- Exercise goal: In the entries below, begin at the line with "9 Mukhi Rudraksha 23mm 2.81gm" and stop after the line with "Wish - Parti"; output those lines exactly and omit the pictures.

Stored entries:

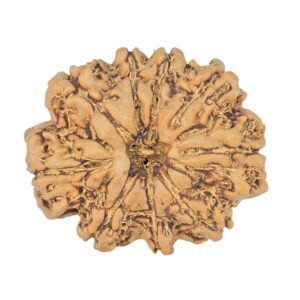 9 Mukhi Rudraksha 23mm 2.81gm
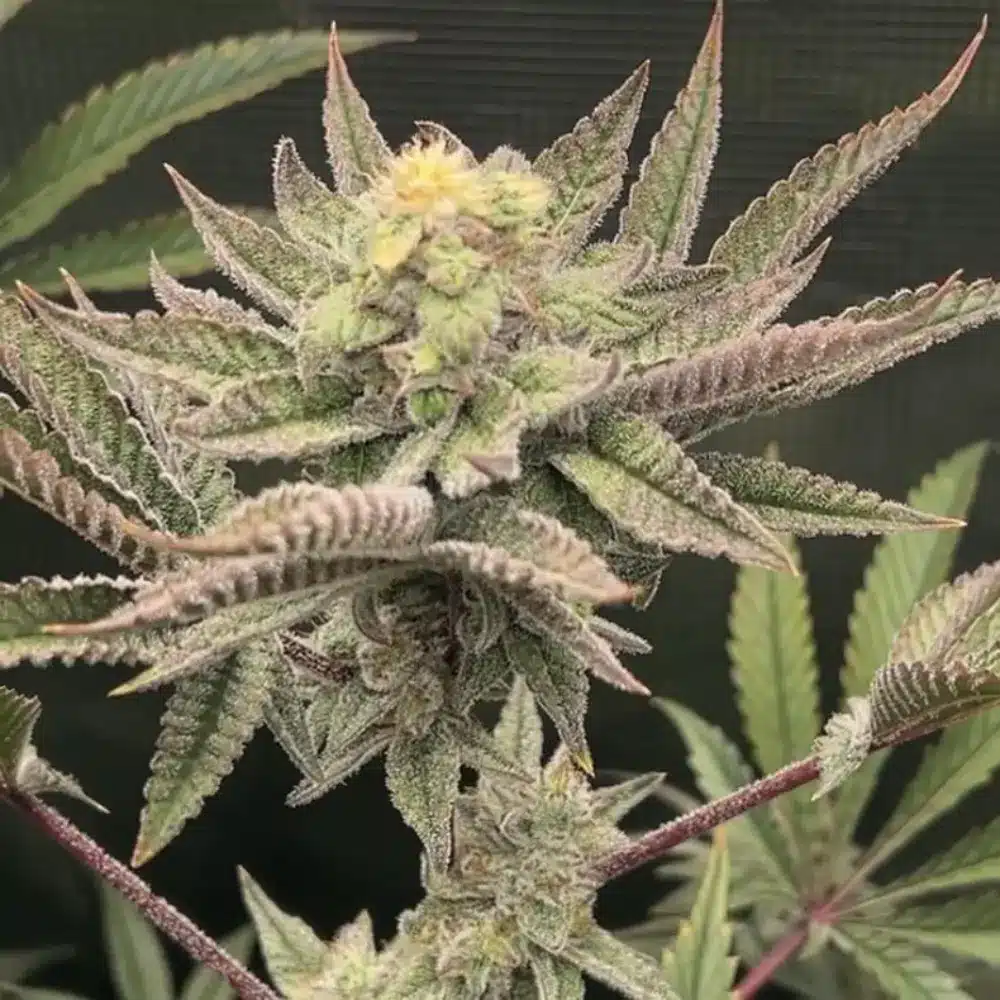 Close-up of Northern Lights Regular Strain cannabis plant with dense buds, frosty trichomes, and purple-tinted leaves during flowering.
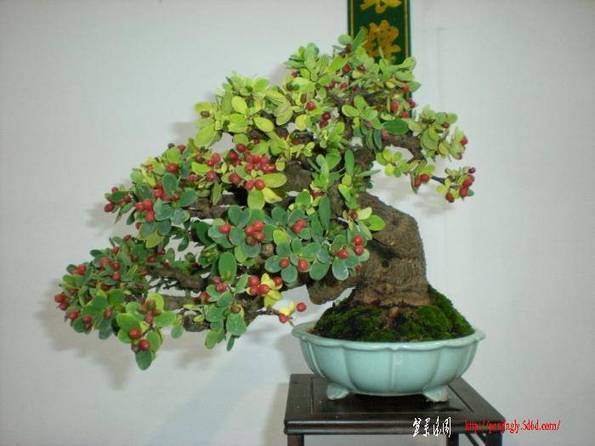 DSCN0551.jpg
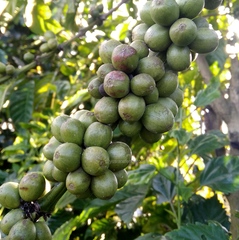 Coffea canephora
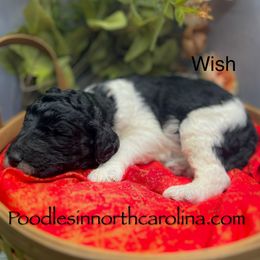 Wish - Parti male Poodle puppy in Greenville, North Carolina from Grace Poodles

* * *

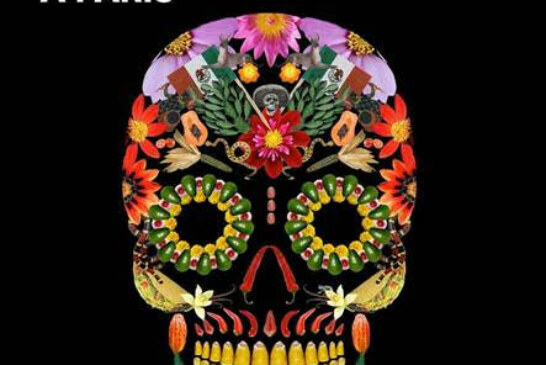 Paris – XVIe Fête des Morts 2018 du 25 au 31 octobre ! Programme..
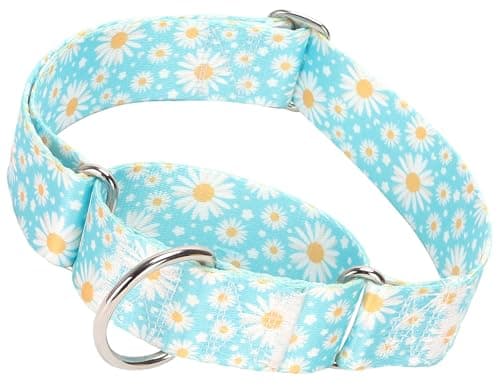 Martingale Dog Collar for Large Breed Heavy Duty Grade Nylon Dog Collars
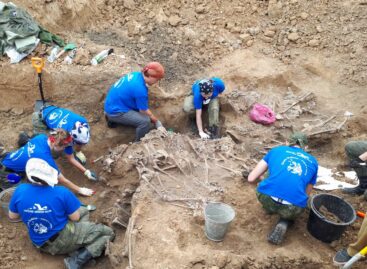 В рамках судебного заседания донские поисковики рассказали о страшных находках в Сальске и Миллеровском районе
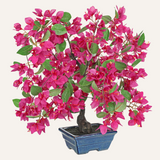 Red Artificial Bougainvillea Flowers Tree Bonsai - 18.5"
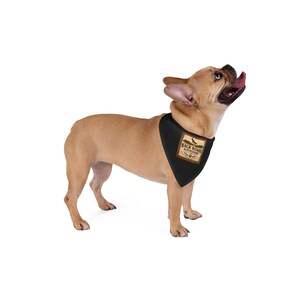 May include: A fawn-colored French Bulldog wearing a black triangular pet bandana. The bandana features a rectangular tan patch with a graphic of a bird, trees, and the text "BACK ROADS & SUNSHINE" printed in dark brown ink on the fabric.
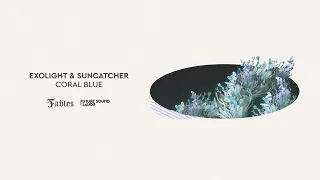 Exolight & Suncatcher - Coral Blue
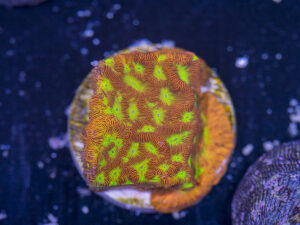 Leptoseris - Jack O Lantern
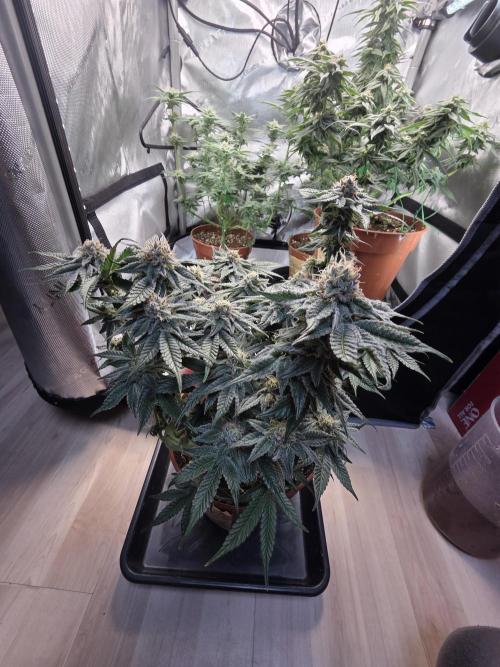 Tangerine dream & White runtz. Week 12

==

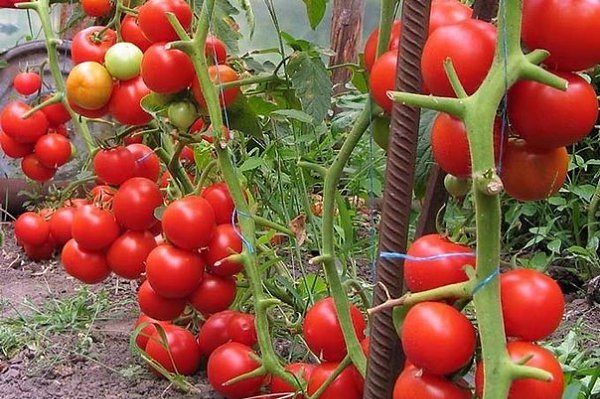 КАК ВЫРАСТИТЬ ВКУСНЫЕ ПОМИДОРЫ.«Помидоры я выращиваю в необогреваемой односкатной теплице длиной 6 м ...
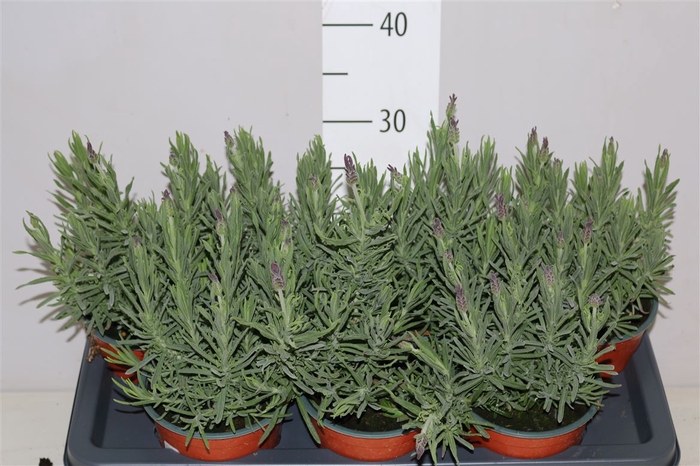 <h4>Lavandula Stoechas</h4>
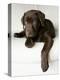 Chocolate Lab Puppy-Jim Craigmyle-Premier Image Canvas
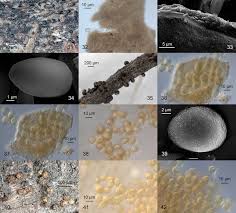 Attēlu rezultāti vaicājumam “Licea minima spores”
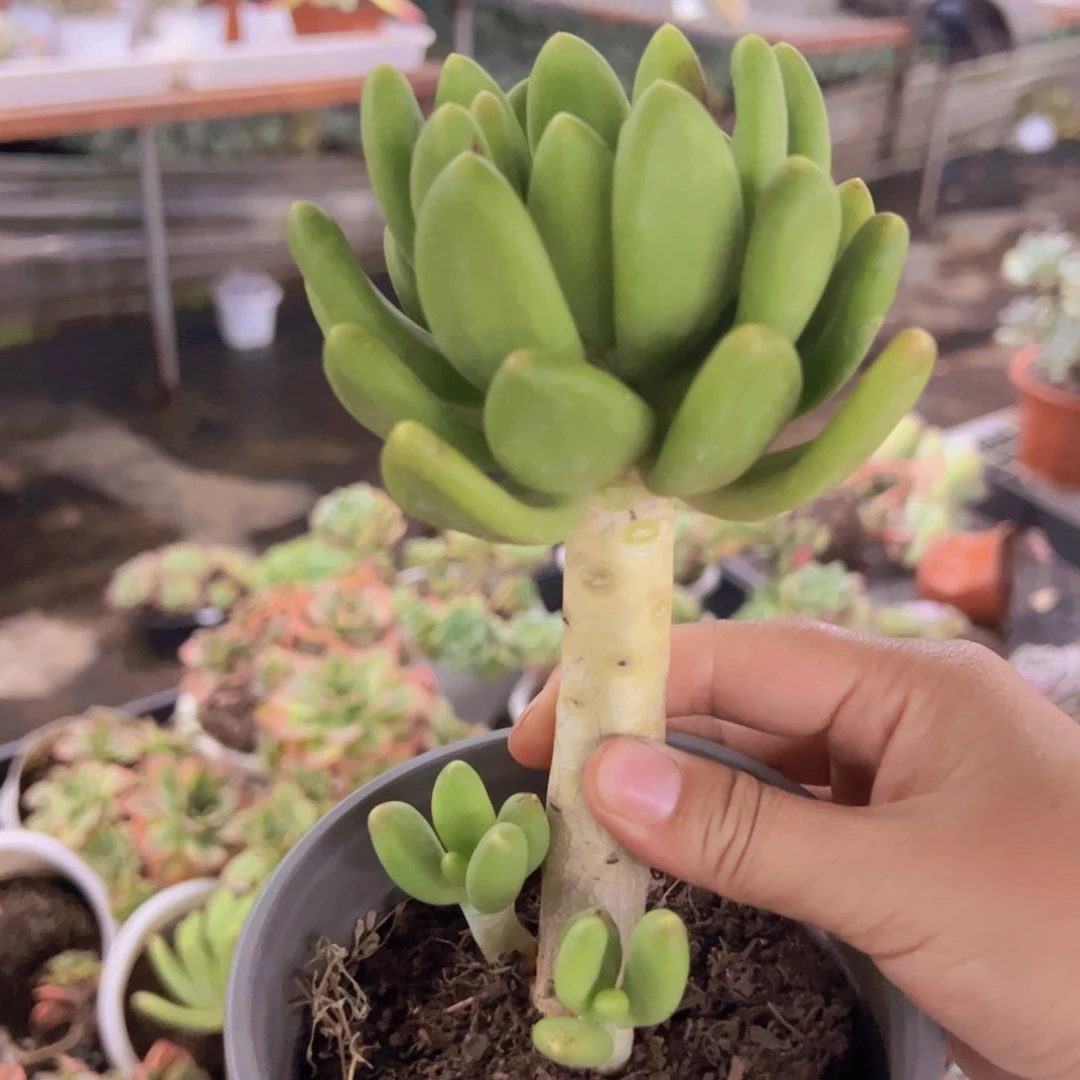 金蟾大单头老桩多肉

- Written response:
 9 Mukhi Rudraksha 23mm 2.81gm
 Close-up of Northern Lights Regular Strain cannabis plant with dense buds, frosty trichomes, and purple-tinted leaves during flowering.
 DSCN0551.jpg
 Coffea canephora
 Wish - Parti male Poodle puppy in Greenville, North Carolina from Grace Poodles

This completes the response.